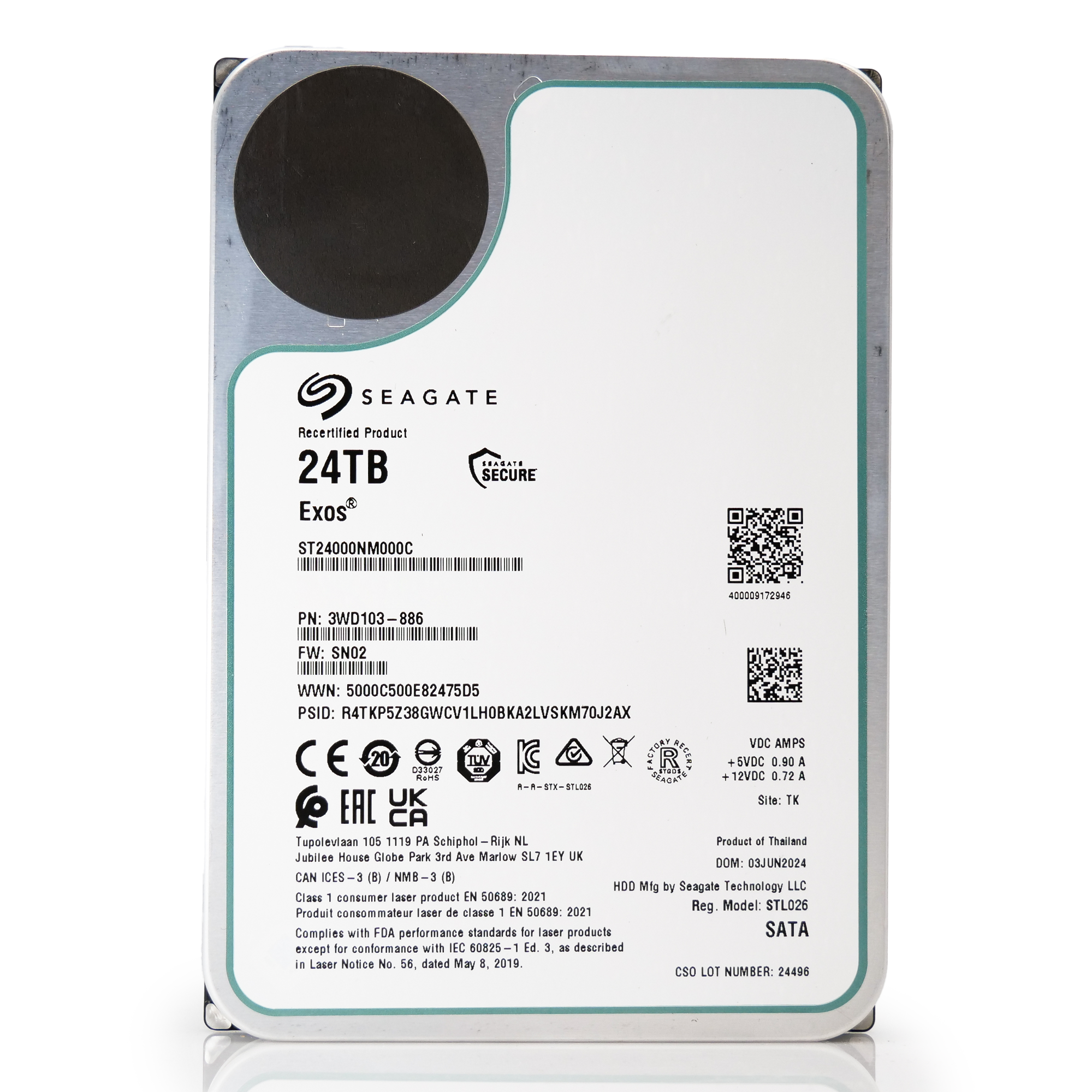 Seagate Exos ST24000NM000C 24TB 7.2K RPM SATA 6Gb/s 512e 3.5in Refurbished HDD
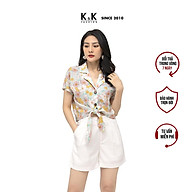 Áo Sơ Mi Họa Tiết Hè Cột Eo K&K Fashion ASM06-04 Chất Liệu Vải Cotton thumbnail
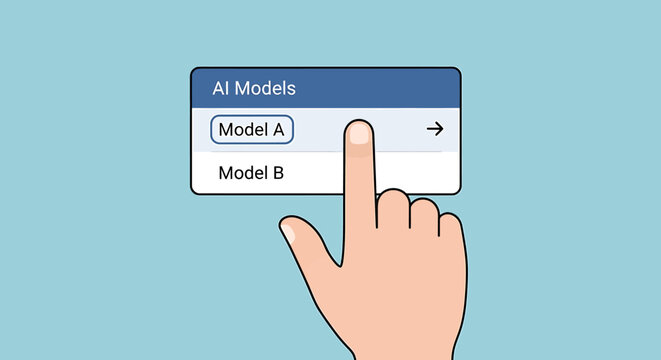 Hand selecting AI Model A from a dropdown menu list vector illustration.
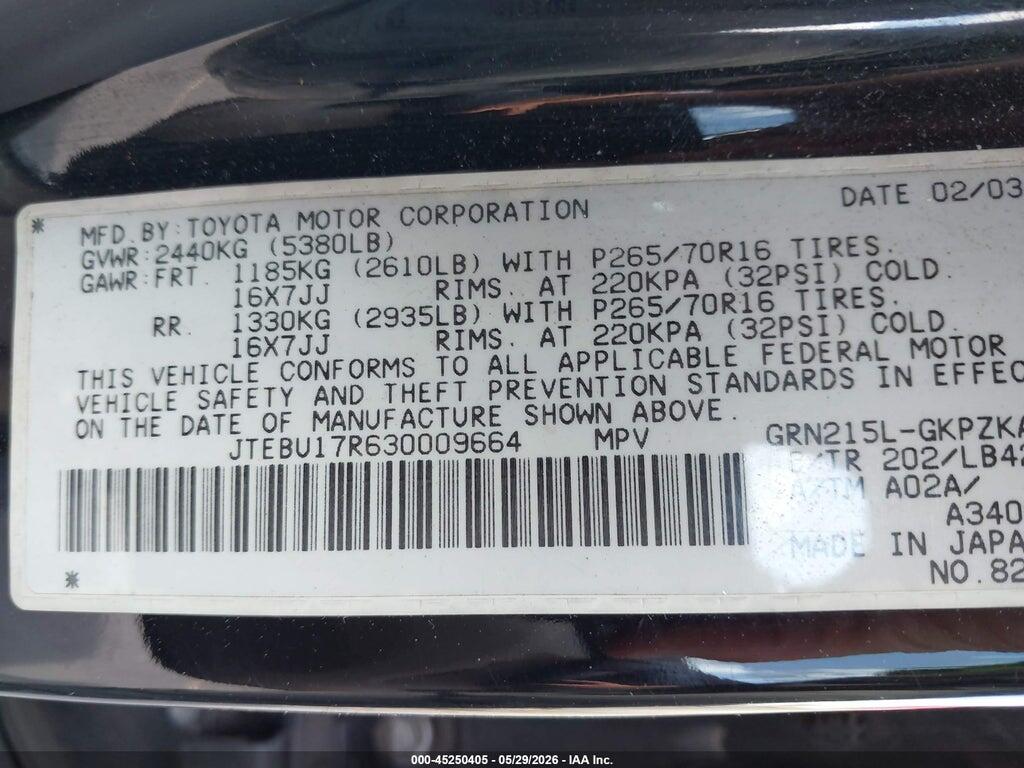 JTEBU17R630009664 2003 TOYOTA 4RUNNER photo no. 9
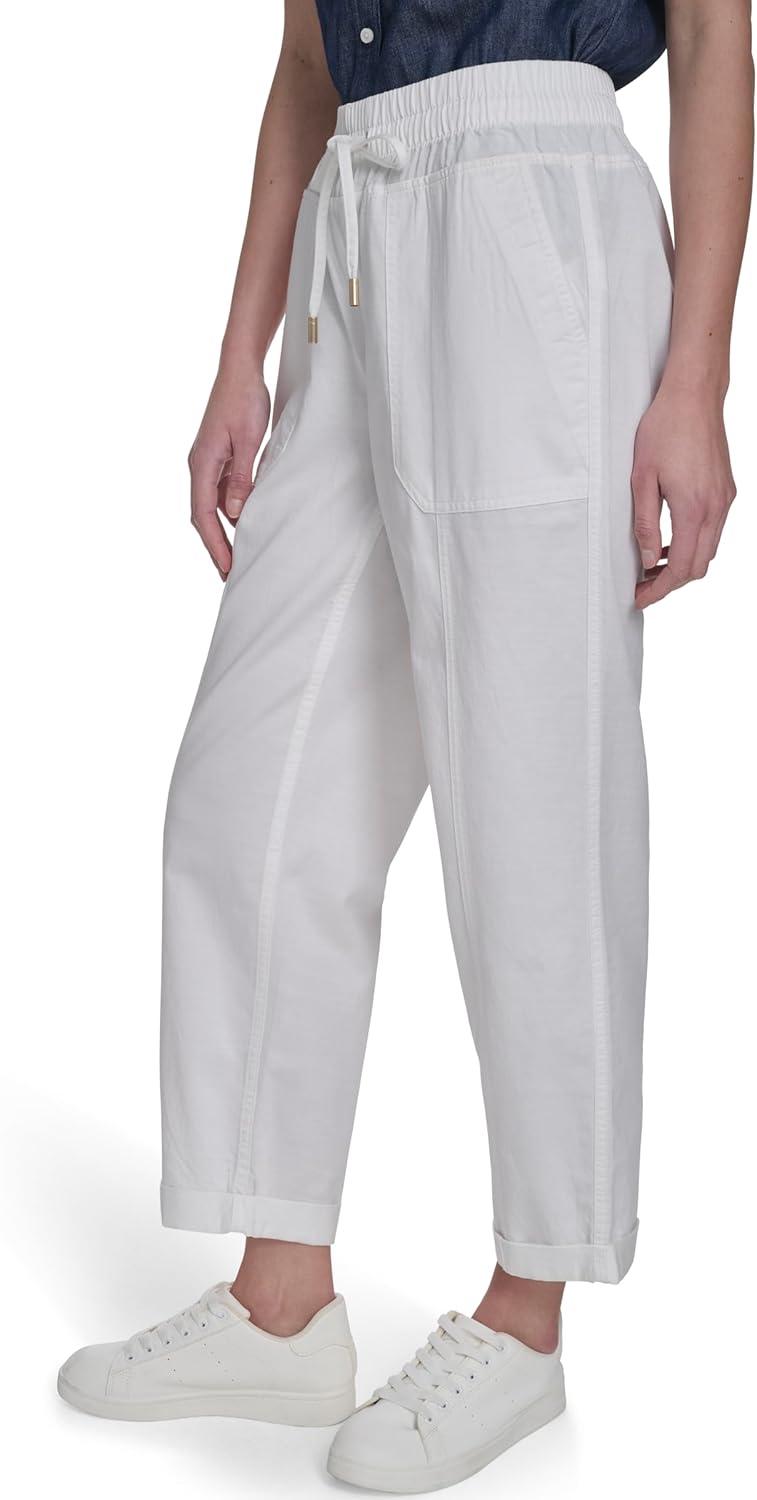 imageNautica Womens Pull on Cuffed Solid Ankle Length PantsBright White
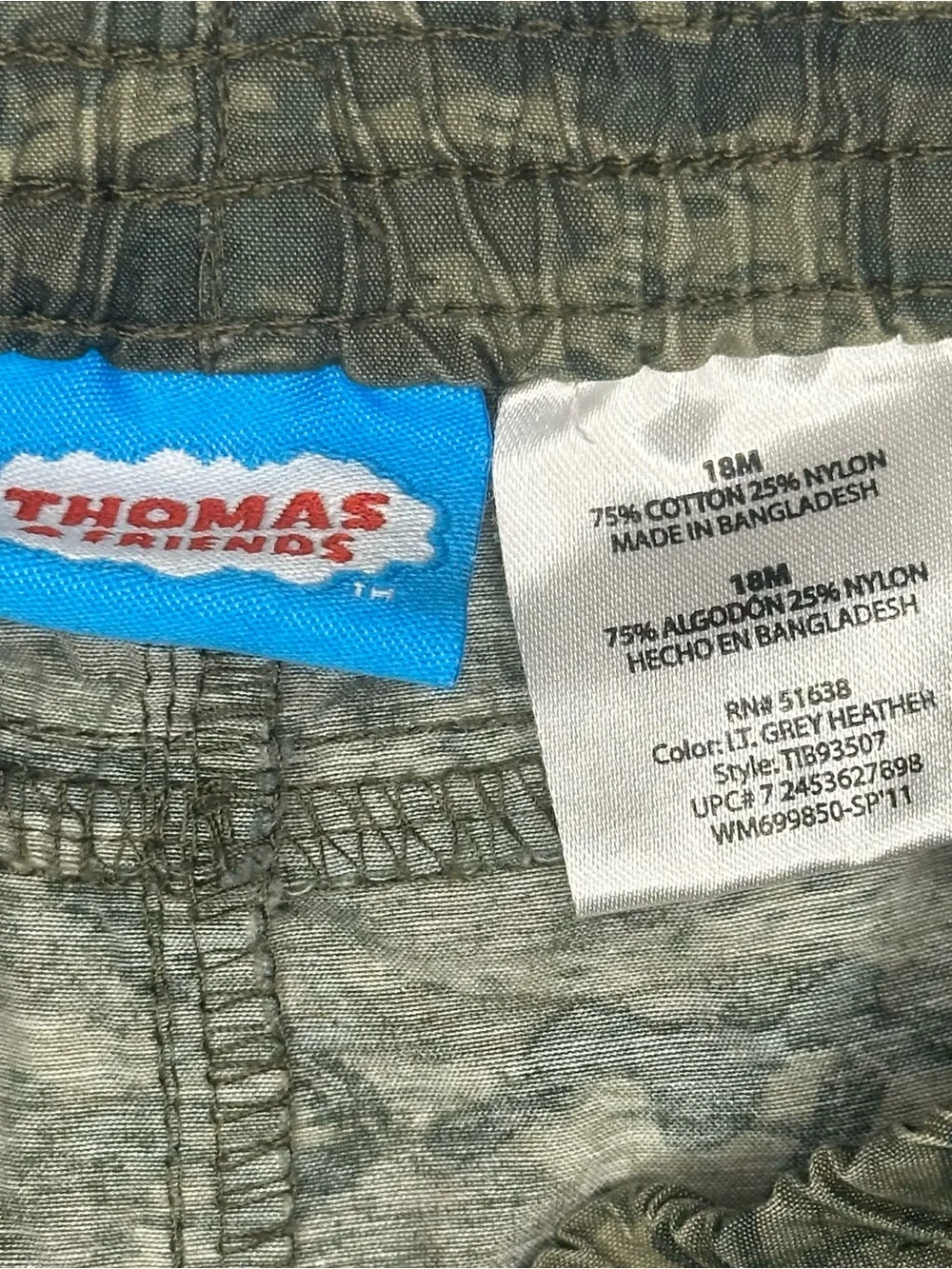 Vintage Y2K Boys 18M Thomas The Tank Engine Camouflage Cargo Shorts AOP Train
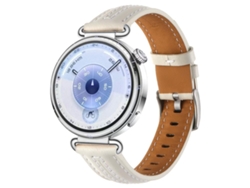 Bracelete Para Huawei Watch Gt 6 (41mm) - Couro - Fivela Prateada Bege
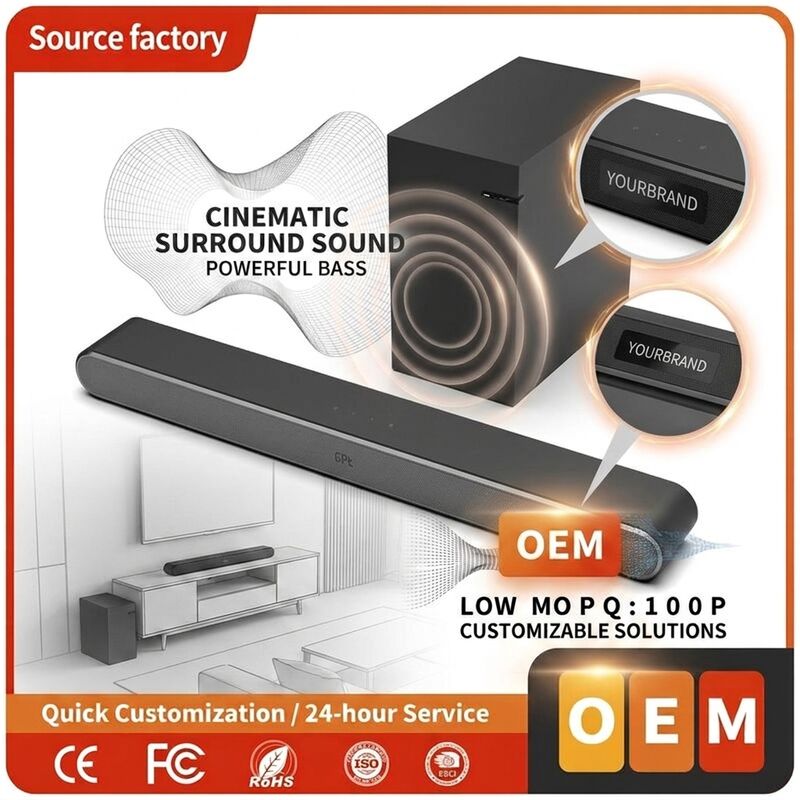 TV Soundbar Speaker ASW590-2.1 100W 2.1CH Subwoofer Bluetooth 5.0 Home Theater Deep Bass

________________________________________

◆ WHAT YOU SHOULD DO ◆
When you copy the records above, keep every word exact and leave out the pictures they contain.

◆ EXERCISE OUTPUT ◆
 Seagate Exos ST24000NM000C 24TB 7.2K RPM SATA 6Gb/s 512e 3.5in Refurbished HDD
 Áo Sơ Mi Họa Tiết Hè Cột Eo K&K Fashion ASM06-04 Chất Liệu Vải Cotton thumbnail
 Hand selecting AI Model A from a dropdown menu list vector illustration.
 JTEBU17R630009664 2003 TOYOTA 4RUNNER photo no. 9
 imageNautica Womens Pull on Cuffed Solid Ankle Length PantsBright White
 Vintage Y2K Boys 18M Thomas The Tank Engine Camouflage Cargo Shorts AOP Train
 Bracelete Para Huawei Watch Gt 6 (41mm) - Couro - Fivela Prateada Bege
 TV Soundbar Speaker ASW590-2.1 100W 2.1CH Subwoofer Bluetooth 5.0 Home Theater Deep Bass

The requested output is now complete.